Vaccination is a great idea but have we all been dupped???

The people that support vaccination always bring up “what about Polio”, “vaccines eliminated polio”.

What if Polio was man made?

Explain why so called “Polio” epidemics in the eightieth and ninetieth centuries subsided without mass vaccination?

SV-40 infection is now widespread within the human population almost certainly as a result of Polio vaccine produced in rhesus monkey kidney cells during the 1950s. A recent study showed infection in 23% of blood samples from normal individuals. The virus can also be detected in sperm fluid and is likely to be passed congenitally to future generations (Martini et al. SV40 Early Region and Large T Antigen in Human Brain Tumors, Peripheral Blood Cells, and Sperm Fluids from Healthy Individuals. Cancer Research 56: 4820-4825, 1996). As the title indicates this paper also confirms previous reports that SV-40 is present in a significant proportion of human brain tumors. Other reports have shown SV-40 in human brain tumors, e.g. Bergsagel et al. New England Journal of Medicine 326: 988-993, 1992. SV-40 has also been detected in a high proportion of human mesotheliomas (Carbone et al. Oncogene 9: 1781-1790, 1994); and in bone tumors called osteogenic sarcomas (Carbone et al. Oncogene 1996).

Dr. Eddy’s findings did however leak out and were replicated by Drs. Sweet and Hilleman at Merck. Initially, Hilleman thought the SV-40 problem would apply mainly to the live polio vaccines developed by Dr. Sabin and used extensively in the Soviet Union. He even suggested that the Russians would be no threat at the upcoming 1962 Olympics because they would be dragging with tumors (The Health Century by Edward Shorter). Unfortunately, it was soon realized that the polio vaccine developed by Dr. Salk was the more dangerous because the 1:4,000 dilution of formaldehyde, which barely inactivated the poliovirus, did not fully inactivate SV-40. Because the Salk vaccine was injected through the skin, it allowed the SV-40 a better chance to infect.

To his credit, Dr. Hilleman repeatedly sounded warnings about the risks inherent in the use of monkey tissue for vaccine production. For example, he has made the following comments ” …use of tissues of wild-caught animals is just asking for trouble because of the lack of control and the known high proability for viral contamination. Monkeys are too expensive to be grown in specific pathogen-free colonies and, hence, the simple solution to the monkey problem is to eliminate the monkey” and also “The tissues of wild-caught animals, and certainly monkeys, are commonly infected with wild viruses. The simplest way to solve the monkey problem is to eliminate the monkeys and this is being done using diploid cells. Monkey tissues came into use by historic decisions to use monkey kidney to make poliovaccine. There is no need to continue using monkeys when acceptible alternatives are available. This advice was never taken especially in the face of pressure from Lederle/American Cyanamid to continue to use monkeys.

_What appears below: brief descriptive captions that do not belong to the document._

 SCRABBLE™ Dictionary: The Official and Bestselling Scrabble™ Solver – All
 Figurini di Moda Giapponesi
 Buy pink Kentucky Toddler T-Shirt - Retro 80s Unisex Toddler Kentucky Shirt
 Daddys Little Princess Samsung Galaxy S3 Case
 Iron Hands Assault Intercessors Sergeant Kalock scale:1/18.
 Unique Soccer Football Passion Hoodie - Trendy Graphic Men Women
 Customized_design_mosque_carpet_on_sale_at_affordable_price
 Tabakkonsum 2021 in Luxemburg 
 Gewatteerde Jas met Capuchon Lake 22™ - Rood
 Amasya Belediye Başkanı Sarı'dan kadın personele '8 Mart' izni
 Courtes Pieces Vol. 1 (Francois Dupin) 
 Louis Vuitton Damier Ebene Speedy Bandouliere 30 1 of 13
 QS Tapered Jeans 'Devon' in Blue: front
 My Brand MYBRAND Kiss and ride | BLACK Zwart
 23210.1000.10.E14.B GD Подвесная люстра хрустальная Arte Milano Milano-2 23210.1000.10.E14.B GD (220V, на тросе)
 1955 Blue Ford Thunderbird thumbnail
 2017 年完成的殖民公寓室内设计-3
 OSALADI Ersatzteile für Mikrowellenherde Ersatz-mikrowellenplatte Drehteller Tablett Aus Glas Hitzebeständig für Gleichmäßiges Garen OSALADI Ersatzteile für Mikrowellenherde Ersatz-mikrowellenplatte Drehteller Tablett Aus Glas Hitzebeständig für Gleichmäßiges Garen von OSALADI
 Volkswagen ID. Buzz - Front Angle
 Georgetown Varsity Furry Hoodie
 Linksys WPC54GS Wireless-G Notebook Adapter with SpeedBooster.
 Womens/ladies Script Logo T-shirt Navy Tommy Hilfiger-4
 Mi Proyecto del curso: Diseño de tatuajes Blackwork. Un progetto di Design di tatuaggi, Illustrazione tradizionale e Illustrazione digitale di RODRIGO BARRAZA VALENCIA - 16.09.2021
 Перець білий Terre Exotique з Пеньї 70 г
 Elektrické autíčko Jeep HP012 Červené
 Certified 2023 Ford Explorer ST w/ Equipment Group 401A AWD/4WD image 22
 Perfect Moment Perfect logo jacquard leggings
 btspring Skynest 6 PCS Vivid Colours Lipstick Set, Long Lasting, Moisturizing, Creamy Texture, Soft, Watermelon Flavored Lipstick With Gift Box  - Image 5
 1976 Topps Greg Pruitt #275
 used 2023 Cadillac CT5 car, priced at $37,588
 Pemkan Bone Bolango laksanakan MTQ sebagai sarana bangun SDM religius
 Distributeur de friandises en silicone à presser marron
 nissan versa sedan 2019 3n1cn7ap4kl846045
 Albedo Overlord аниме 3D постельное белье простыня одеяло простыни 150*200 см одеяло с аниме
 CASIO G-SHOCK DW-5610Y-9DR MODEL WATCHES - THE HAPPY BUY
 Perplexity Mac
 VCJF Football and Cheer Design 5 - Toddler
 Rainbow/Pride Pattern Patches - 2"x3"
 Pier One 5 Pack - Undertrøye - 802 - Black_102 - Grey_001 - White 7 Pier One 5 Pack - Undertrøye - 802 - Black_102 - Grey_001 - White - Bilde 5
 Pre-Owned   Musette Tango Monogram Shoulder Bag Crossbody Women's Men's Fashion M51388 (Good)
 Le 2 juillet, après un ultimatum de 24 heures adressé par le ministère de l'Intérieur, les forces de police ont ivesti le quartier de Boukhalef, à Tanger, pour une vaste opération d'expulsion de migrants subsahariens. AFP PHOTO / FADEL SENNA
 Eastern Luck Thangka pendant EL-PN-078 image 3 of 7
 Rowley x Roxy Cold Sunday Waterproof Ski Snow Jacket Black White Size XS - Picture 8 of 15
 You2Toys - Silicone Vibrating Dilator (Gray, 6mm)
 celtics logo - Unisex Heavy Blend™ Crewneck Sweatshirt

David Gorski MD Ph.D, you can insult me all you want but can you refute this?

Vaccines contain “ani-freeze” toxic like substances like phenol. What about that total whackjob in California that attends UC Davis? Can you refute the SV-40 virus?

Speaking of WTF?

Officials deny suggestions that they kept the outbreak, which began last year, a secret, and say that they did not realize until recently that as many as 70 of Nigeria’s last 1,300 polio cases stemmed from a mutant vaccine virus rather than “wild type” virus, which causes most polio.

“It was an oversight on our part,” Dr. Bruce Aylward, director of the polio eradication campaign for the W.H.O., said yesterday. The agency discussed the first 16 cases it knew of at meetings early this year and posted information on its Web site in April, he said, “but only in places where lab people would look.”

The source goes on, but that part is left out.